How to Actually Get Noticed with Fantastic Press Releases
If you read my article about the resources content marketers recommend, perhaps you’ve been thinking about vamping up your blogging efforts. Whether you’re just getting started or you’ve been blogging for awhile now, chances are you’re looking for new ways to increase the exposure of your storage facility.
Blogging is a great way to gain that exposure. Another great strategy to add into the mix is getting your facility covered in local news outlets. To do so, you can write press releases or pitch your ideas to local editors and reporters. Either way, taking matters into your own hands means you won’t have to wait for a journalist to approach you out of the blue. If you’re ready to get your company noticed by your target market and in your community, press releases can make that happen.
First things first: Is your facility press-worthy?
It seems like a no brainer that every organization covered in the local news should having something press-worthy to share, but take a look at your town’s newspaper or news station and you’ll find that isn’t always the case. There isn’t always a lot of material for journalists to cover, yet they’re expected to churn out new stories regularly. That’s when you’ll see more vanilla press releases or bland news stories.
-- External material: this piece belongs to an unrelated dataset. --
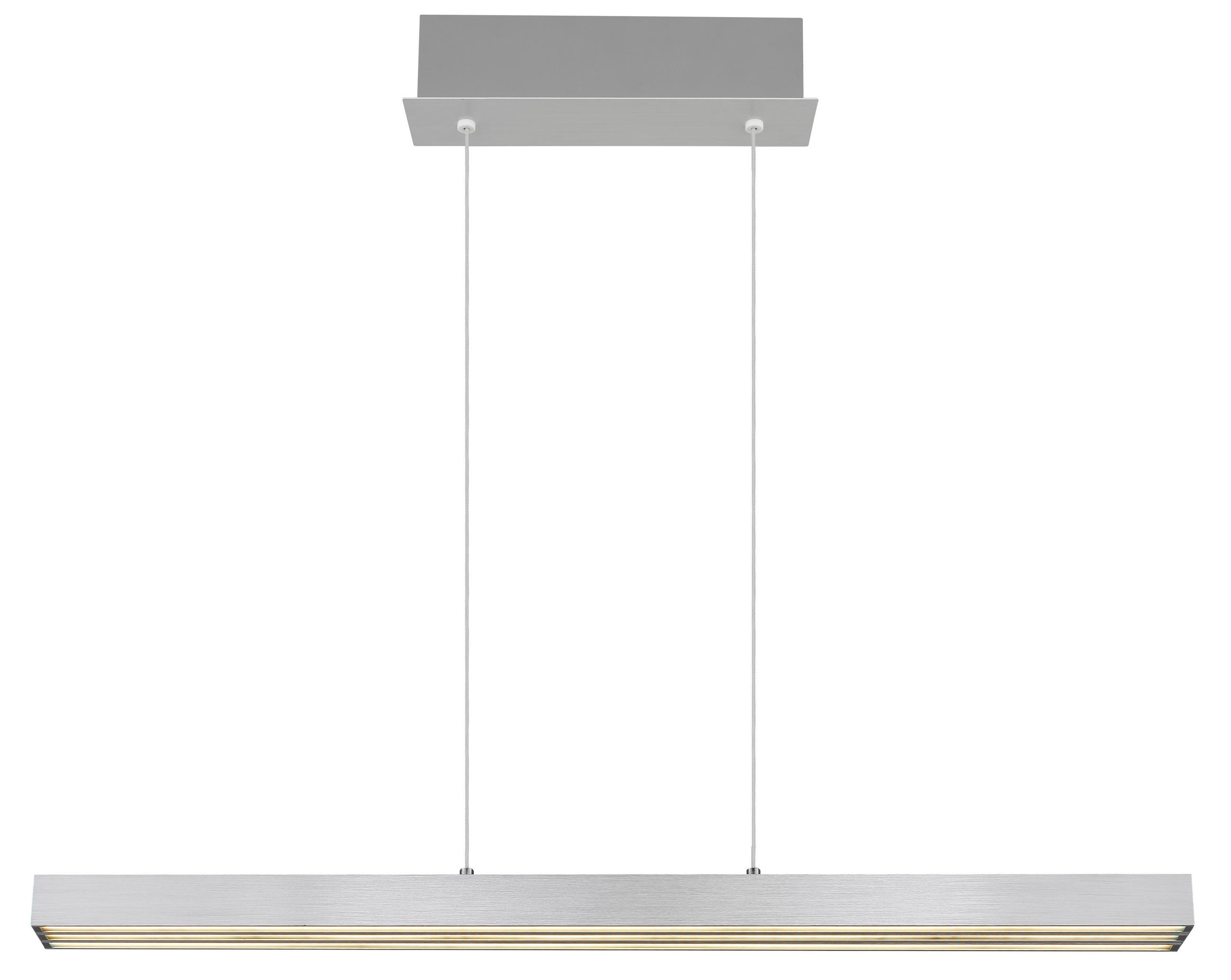 LED-HÄNGELEUCHTE 95-150/7,5/80-150 cm  - Opal/Alufarben, Design, Kunststoff/Metall (95-150/7,5/80-150cm) - Globo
I could give you some tips for getting coverage like that, but our goal here is to get your facility noticed with fantastic press. Boring won’t cut it.
The first and most important step is to figure out what story your facility has to tell. The easiest way to do that? Ask yourself why an everyday person, who isn’t necessarily interested in renting storage, would care.
Too often news stories (and guest blog posts) are guises for promoting a business. The thing is, most people don’t care about that. They aren’t impressed that your facility may be the only one to offer climate-controlled storage units and they aren’t going to share a story about how you shifted your access hours to better accommodate people’s schedules. According to CoSchedule, these are the reasons people share content:
Entertainment: 49% share because it allows them to inform others of products they care about and potentially change opinions or encourage action.
Defining Ourselves: 68% share to give people a better sense of who they are and what they care about.
Relationships: 78% share because it lets them stay connected to people they may not otherwise stay in touch with.
Self-Fulfillment: 69% share because it allows them to feel more involved in the world.
Supporting a Cause: 85% share because it is a way to support causes or issues they care about.
So, while 49% of people are willing to share content to get their friends excited about a certain product, the main reasons people share content are to support a cause, define themselves, and gain some self-fulfillment. Your goal is to give them a press release that meets one or more of these reasons.
Frame your story
An added bonus of choosing a story that meets the above criteria is that it’s similar to the kind of content journalists look for when they choose what to cover in their press releases.
In order to frame your story in a way that intrigues reporters, captivates readers, and promotes your business, try following these tips:
Do something press worthy. If you’re having trouble answering the question “Why would an everyday person, who isn’t necessarily interested in renting storage, care about this story?,” it’s probably because you aren’t doing anything that would grab their attention. While I wouldn’t condone doing good things just to get public attention, if you’ve had something special in the back of your mind for awhile, now may be a good time to give it a try. Could your facility help the community by donating to a charity or sponsoring a little league team? Could you host a charity fundraiser or a car wash on your property? Could you partner with a competitor and come together for the town after a crisis? Think beyond your amenities and get involved.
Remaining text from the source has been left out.